*Input for this task*.
=====

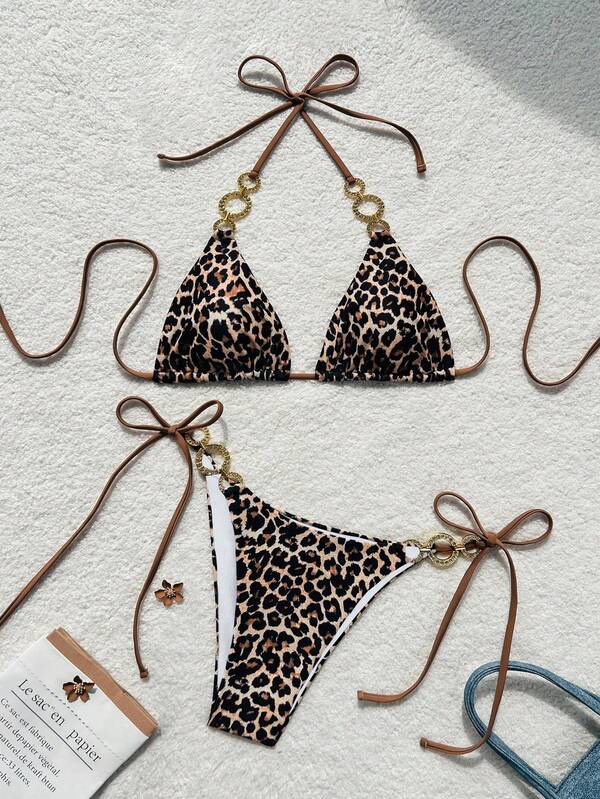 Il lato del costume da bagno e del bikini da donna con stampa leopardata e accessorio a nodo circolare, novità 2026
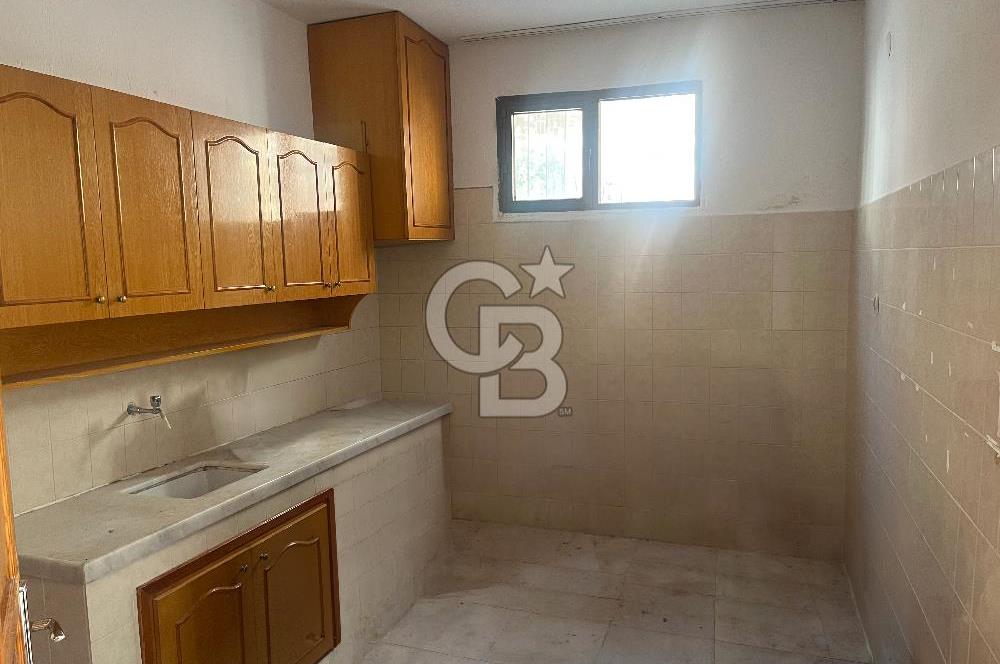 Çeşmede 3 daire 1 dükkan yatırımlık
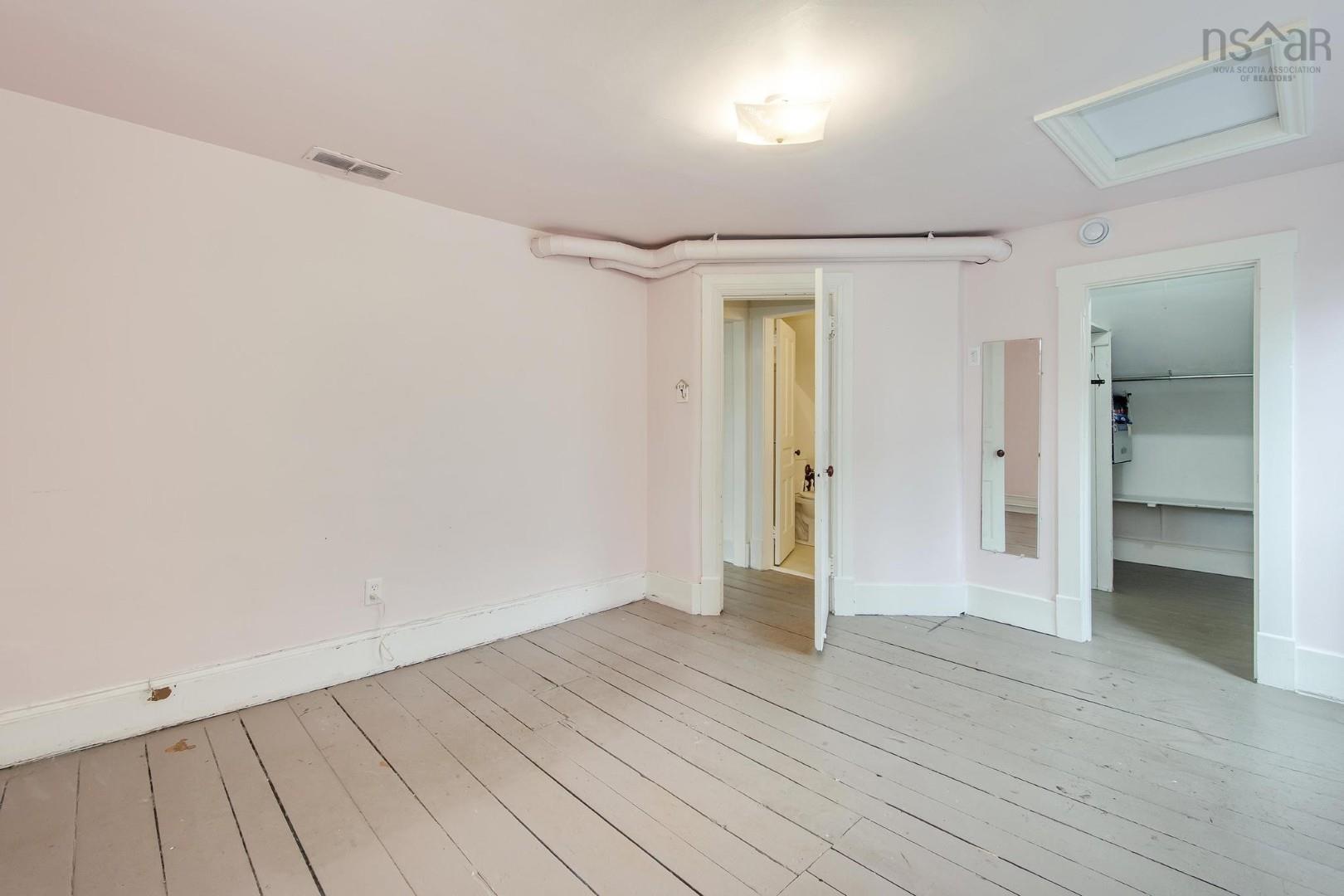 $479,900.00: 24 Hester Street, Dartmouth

=====

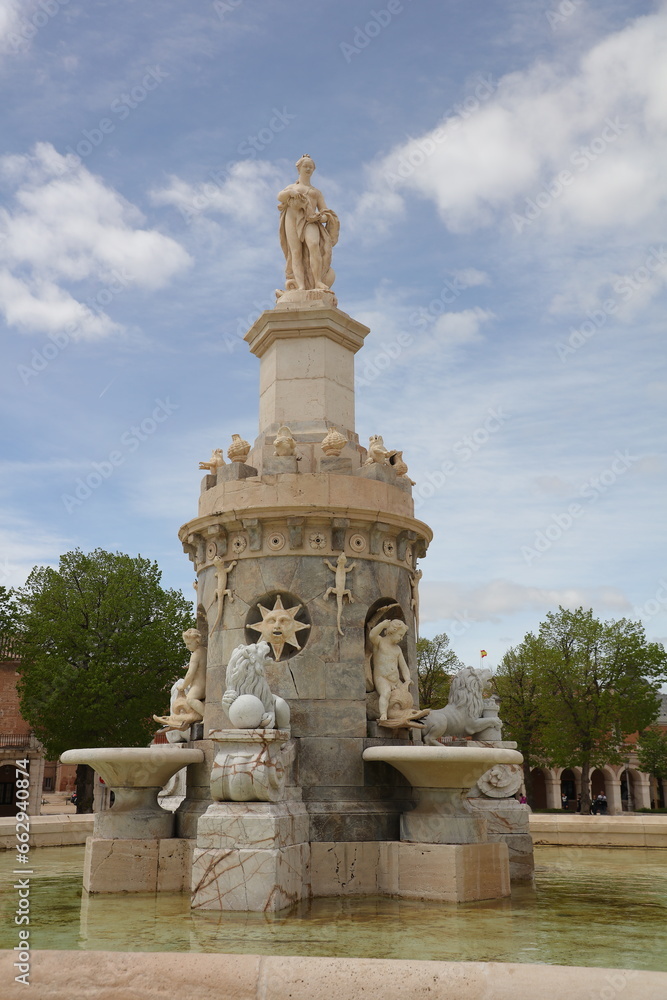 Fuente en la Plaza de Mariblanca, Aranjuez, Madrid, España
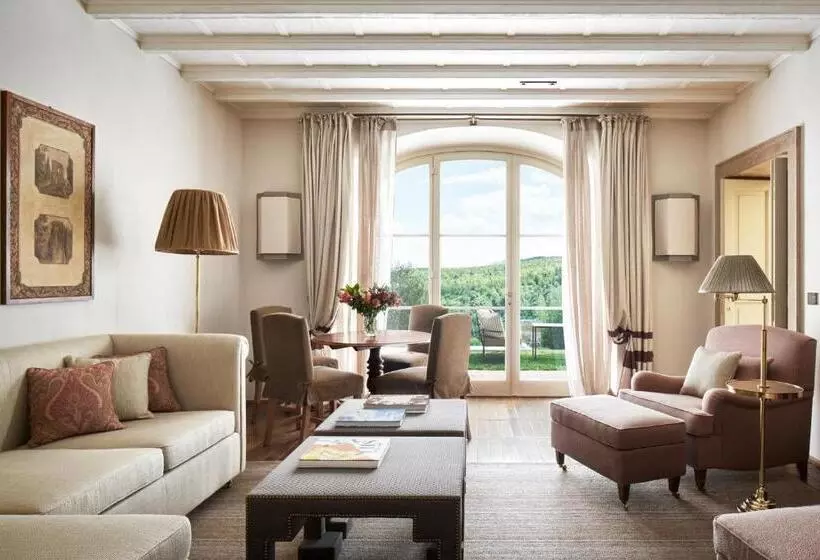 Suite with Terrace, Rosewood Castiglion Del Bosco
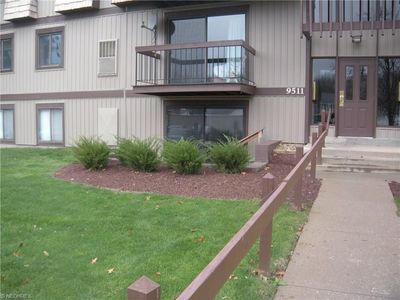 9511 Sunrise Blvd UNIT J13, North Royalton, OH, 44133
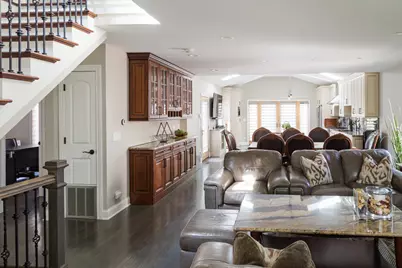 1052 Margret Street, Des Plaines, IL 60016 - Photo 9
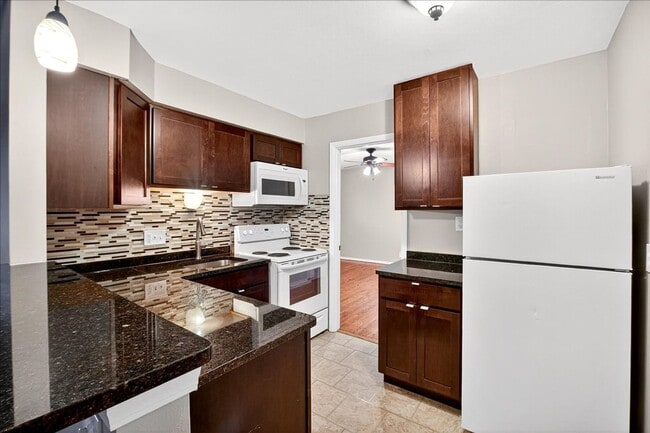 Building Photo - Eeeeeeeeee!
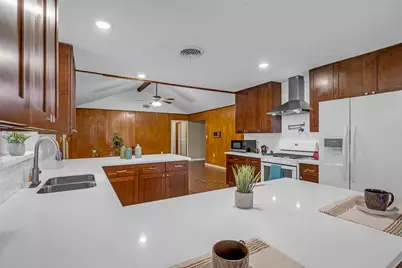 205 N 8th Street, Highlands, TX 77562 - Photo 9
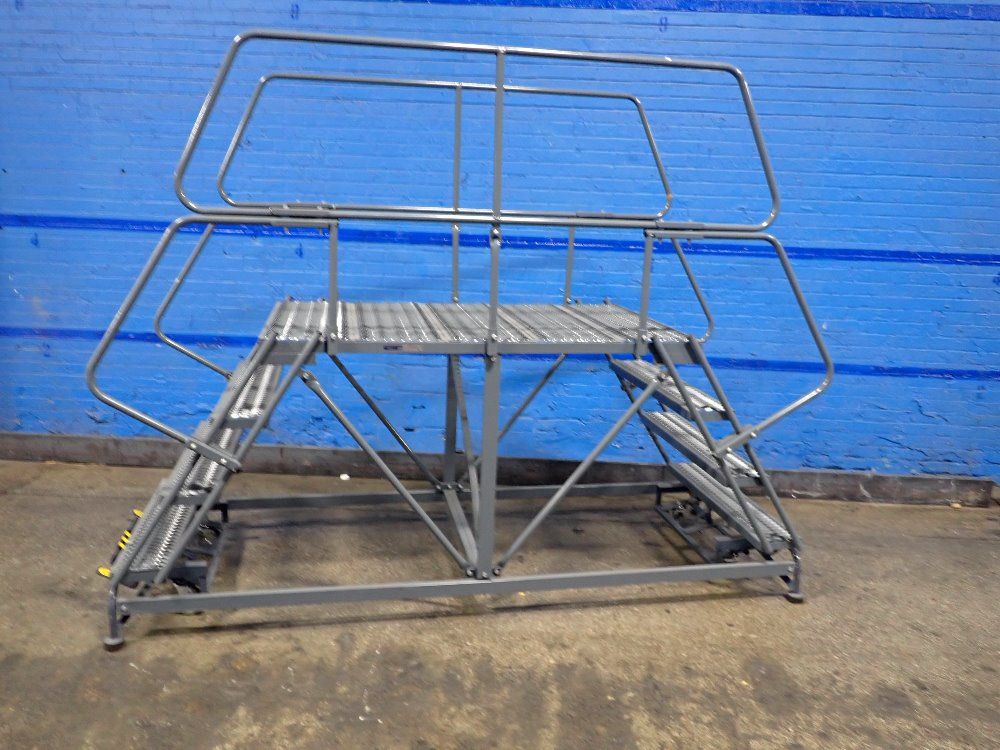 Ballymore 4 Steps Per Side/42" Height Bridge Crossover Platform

=====

*Required action*.
Output only the stretch above from the line with "Il lato del" through the line with "Hester Street, Dartmouth", reproduced exactly. Exclude pictures.

*Solution to the problem*.
 Il lato del costume da bagno e del bikini da donna con stampa leopardata e accessorio a nodo circolare, novità 2026
 Çeşmede 3 daire 1 dükkan yatırımlık
 $479,900.00: 24 Hester Street, Dartmouth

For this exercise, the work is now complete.